_Activity_
Would you return each entry exactly as written, omitting any pictures?
(Study material begins)
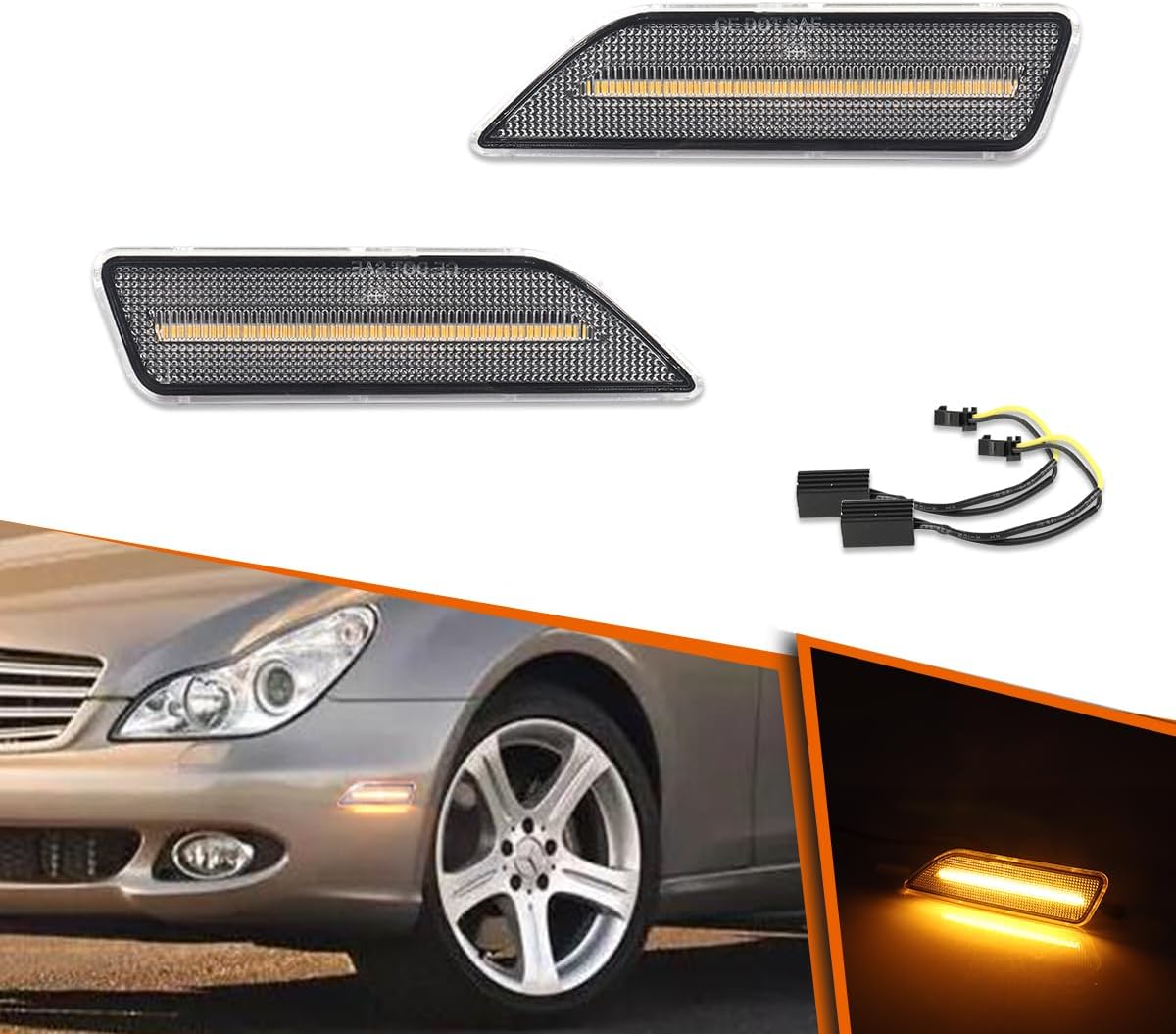 ADIIL For 2006-2011 Mercedes Benz W219 CLS-Class Clear Lens Amber LED Front Bumper Side Marker Lights OEM Side Marker Replacement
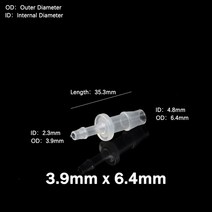 식품 등급 PP 커넥터 5 개 1.6 ~ 10mm 수족관 물고기 탱크 공기 펌프 호스 가시 조인트 연수 파이프 커플, 07 6.4mm x 3.9mm 5pcs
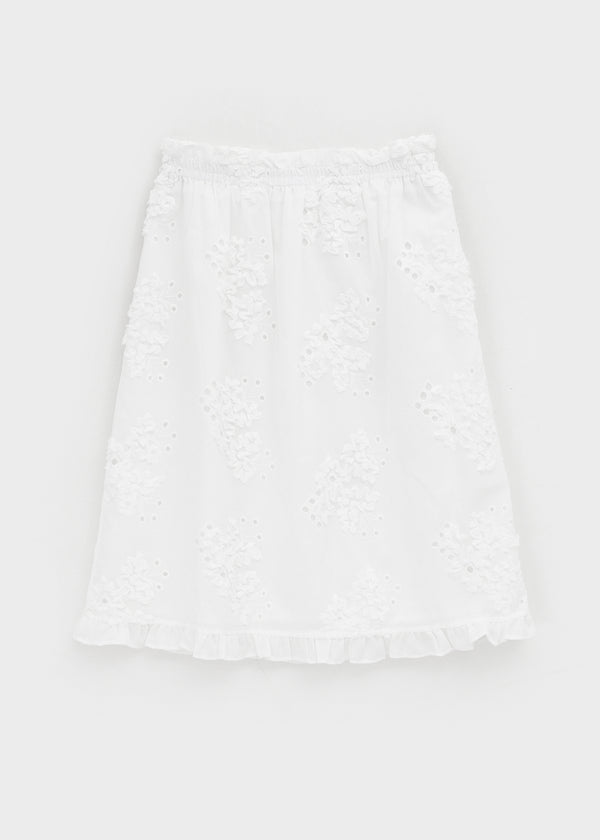 Mitron Punching Lace Banding Midi Skirt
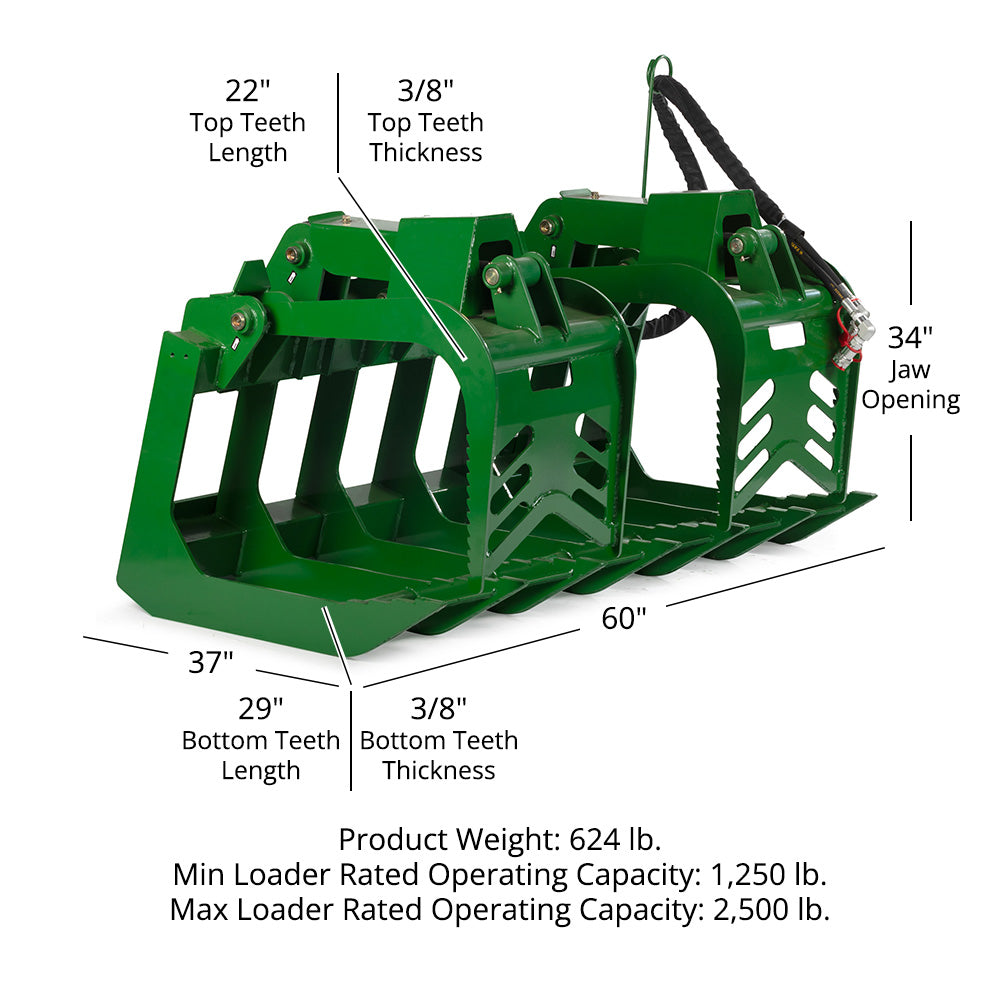 Grade 50 Standard Series Root Grapple Bucket Fits John Deere | 60"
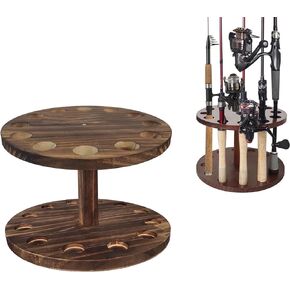 Aventik Fishing Rod Rack for Garage, Vertical Fishing Pole Holders Wooden Round Storage Floor Stand, 12 Rods Rolling Fishing Rod/Pole Holders (Brown)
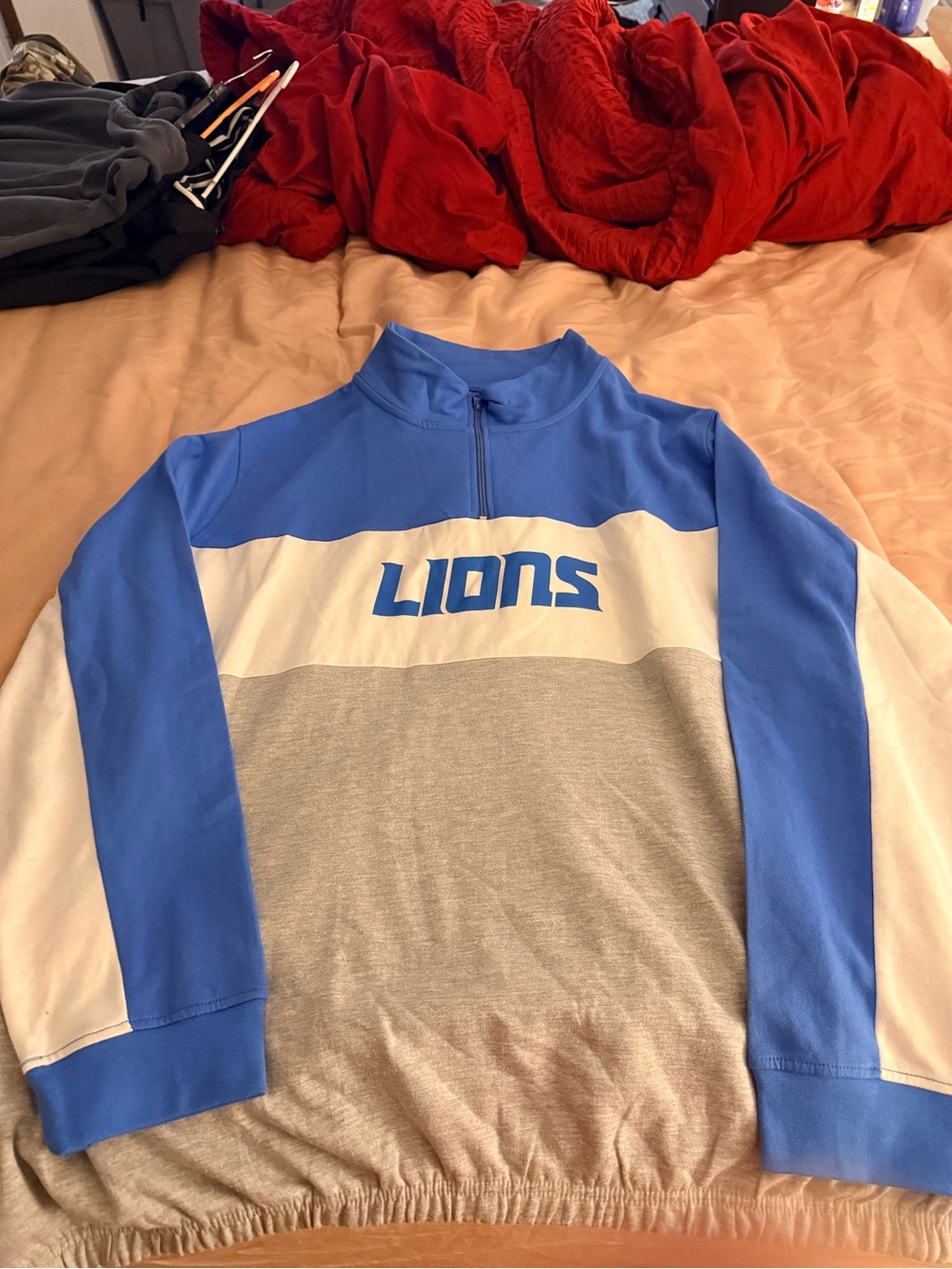 Fanatics Lions Colorblock Quarter-Zip Pullover - Blue/White/Gray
(Study material ends)
_Response box_
 ADIIL For 2006-2011 Mercedes Benz W219 CLS-Class Clear Lens Amber LED Front Bumper Side Marker Lights OEM Side Marker Replacement
 식품 등급 PP 커넥터 5 개 1.6 ~ 10mm 수족관 물고기 탱크 공기 펌프 호스 가시 조인트 연수 파이프 커플, 07 6.4mm x 3.9mm 5pcs
 Mitron Punching Lace Banding Midi Skirt
 Grade 50 Standard Series Root Grapple Bucket Fits John Deere | 60"
 Aventik Fishing Rod Rack for Garage, Vertical Fishing Pole Holders Wooden Round Storage Floor Stand, 12 Rods Rolling Fishing Rod/Pole Holders (Brown)
 Fanatics Lions Colorblock Quarter-Zip Pullover - Blue/White/Gray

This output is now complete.